Perry's stance was not surprising. But Romney once supported climate change action when he was the governor of Massachusetts. Some donors hope that Romney will come through for the environment once elected president. They perhaps accurately think he is having to skew to the right to get on the ticket, which is forcing him to adopt anti-environmentalal positions, but campaign promises are good indications of how politicians behave in office.

There are reasons to think that such awkward contortion is bad for much more than Republicans' backs. Trying to appease the vocal minority of the Republican party is out of step with national opinion and irrational for a party that would like to stay relevant. Three out of four people in a recent survey support regulating carbon dioxide as a pollutant. Yet conservative leaders from Virginia to Texas, apparently unaware of or unconcerned about public opinion, sued to block the EPA from trying to regulate greenhouse gas emissions -- and lost.

Climate change is emerging as a wedge issue even among Republicans, with only a majority of the most conservative Republicans preferring traditional energy over alternative energy. What appears to be most troubling is that the more education conservatives have, the less likely they are to agree with climate science. So the Republican Party's well-educated elite leaders could well be the ones to drive their party into the ground.

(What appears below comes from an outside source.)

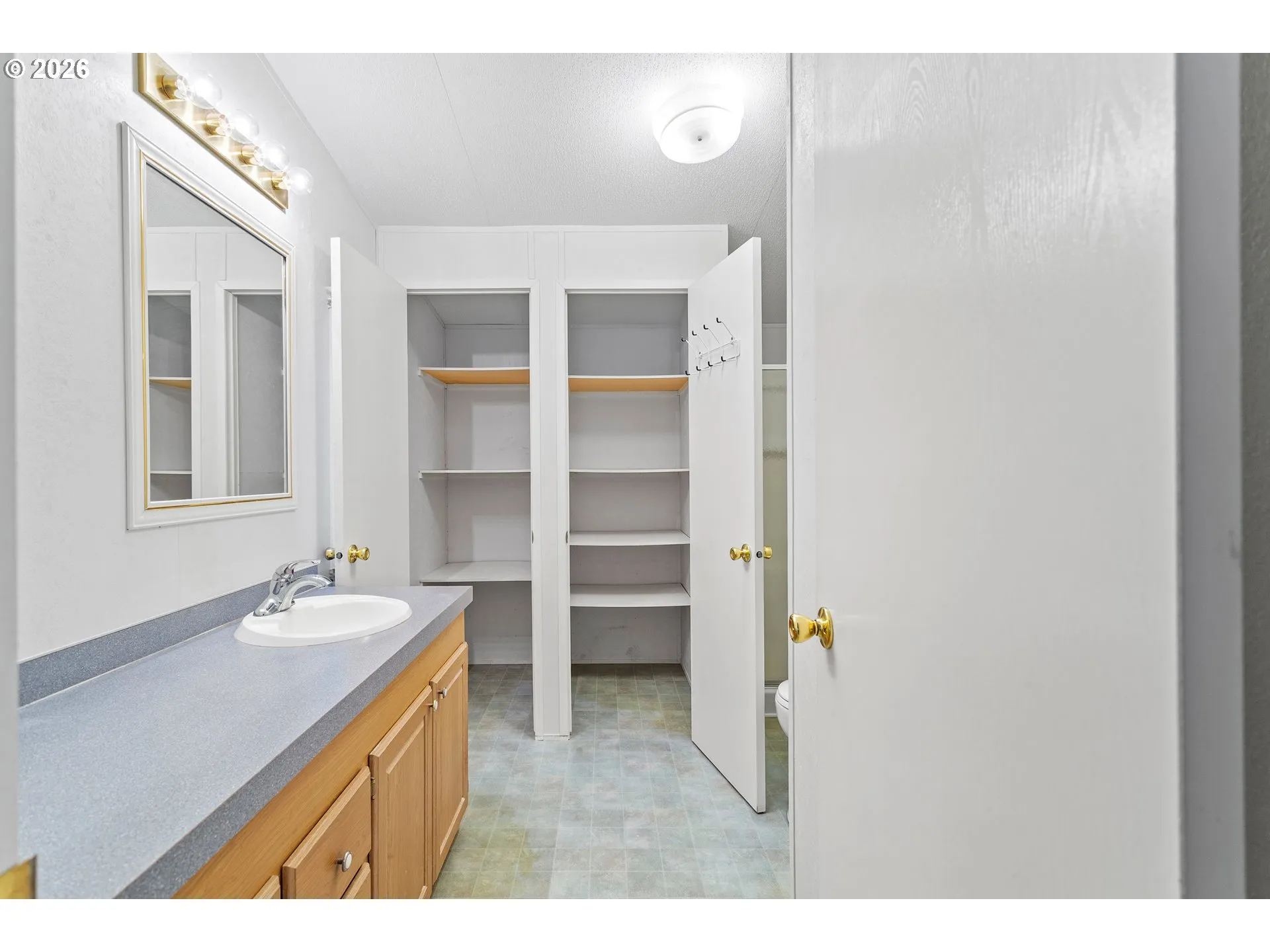 Bathroom, Attached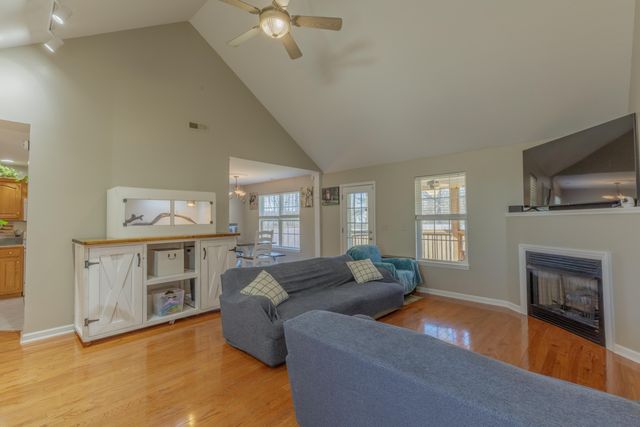 182 Century Drive, Rossville, GA 30741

Perhaps the Republican Party feels insulated from its self-destructive tendencies because of historical trends that value candidates and interest groups over party affiliation. The decline of the importance of the party could indicate that as long as powerful personalities and a network of interest groups motivate people enough to vote for conservative ideas on election day, the infrastructure and day-to-day actions of the party don't particularly matter. This line of thinking goes back as far as David Broder's 1971 article The Party's Over. But there is reason to doubt the notion that the Republican brand would not suffer any setbacks, especially when the effects of climate change could be so drastic as to tarnish the entire conservative establishment, which has hitched its wagon to denial.

The results of climate change, and thus for the Republican image, could be disastrous. One study reported that climate change is already killing thousands per year. Another study predicted that millions could be trapped in disaster zones. The net economic effect has been estimated at $1,240 trillion. People would make the connection that Republican obstinance helped produce those tragedies.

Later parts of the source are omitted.